Sollicité par l'AFP, le ministère de la justice a tenté de justifier cette pratique par la voix d'une porte-parole, affirmant que l'enregistrement des recherches effectuées par les élus sur les ordinateurs du ministère avait été réalisé « afin de se prémunir contre la divulgation d'informations sur les victimes ». Cependant, même à droite, certains fidèles de Donald Trump ont exprimé leur rejet de ce suivi. Le président républicain de la Chambre, Mike Johnson, a déclaré : « Je pense que les membres [du Congrès] devraient évidemment avoir le droit de parcourir [les documents] à leur propre rythme, et selon leur propre jugement ». Il a ajouté devant la presse qu'il ne pensait pas « qu'il soit approprié pour quiconque de suivre cela », tout en estimant que cela relevait probablement d'une « mégarde » par le ministère.

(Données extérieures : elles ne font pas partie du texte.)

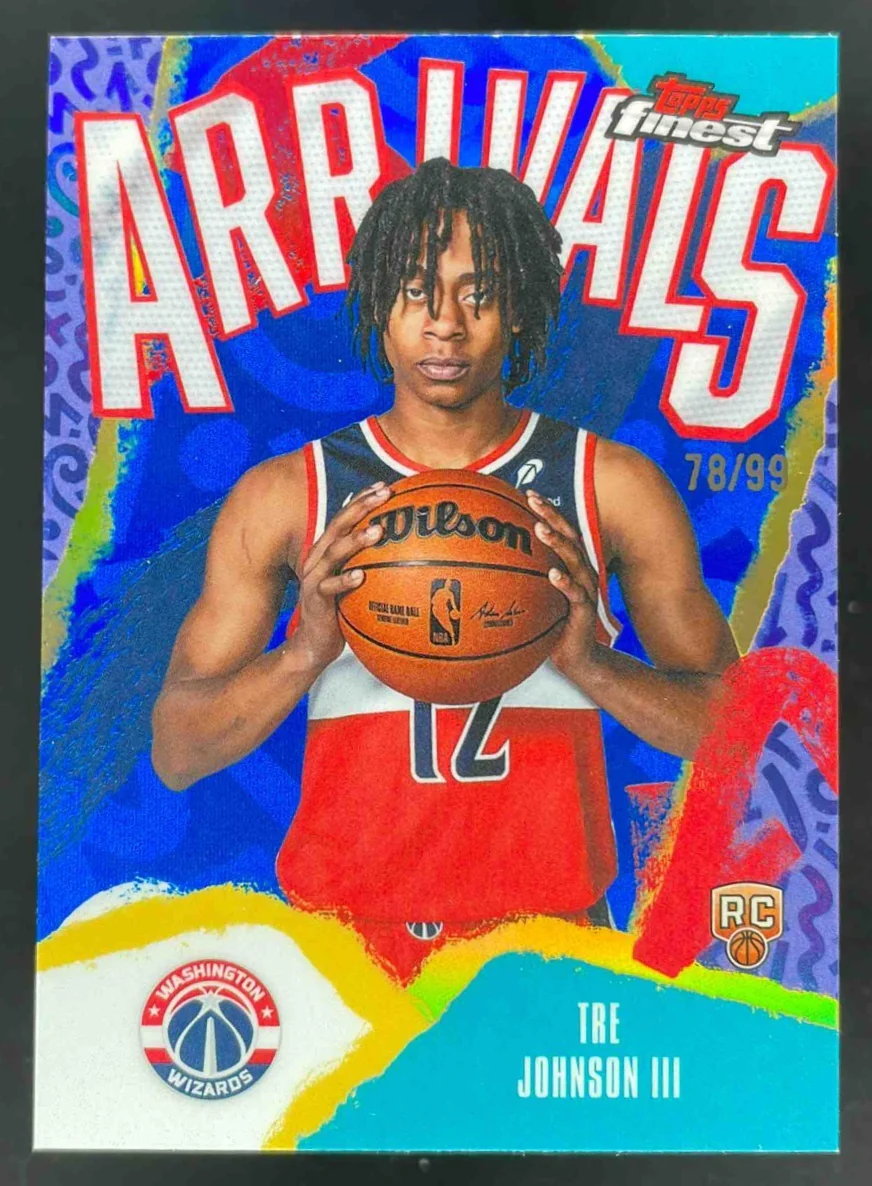 2025-26 Topps Finest Arrivals Blue Refractor #A-6 Tre Johnson III RC /99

Des accusations d'étouffement et de manque de transparence

Lors de l'audition de Pam Bondi mercredi, les membres démocrates de la commission judiciaire de la Chambre l'ont accusée d'« étouffer » l'affaire Epstein et d'avoir transformé son ministère en « instrument de vengeance » de Donald Trump. Le gouvernement républicain fait de nouveau face à des accusations de manque de transparence après la publication fin janvier de millions de pages du dossier du criminel sexuel Jeffrey Epstein. Plusieurs élus ont notamment critiqué mercredi le fait que les noms de possibles complices de Jeffrey Epstein avaient été caviardés, contrairement à ce qu'exige une loi promulguée en novembre, soulignant ainsi les contradictions dans la gestion de ce dossier sensible.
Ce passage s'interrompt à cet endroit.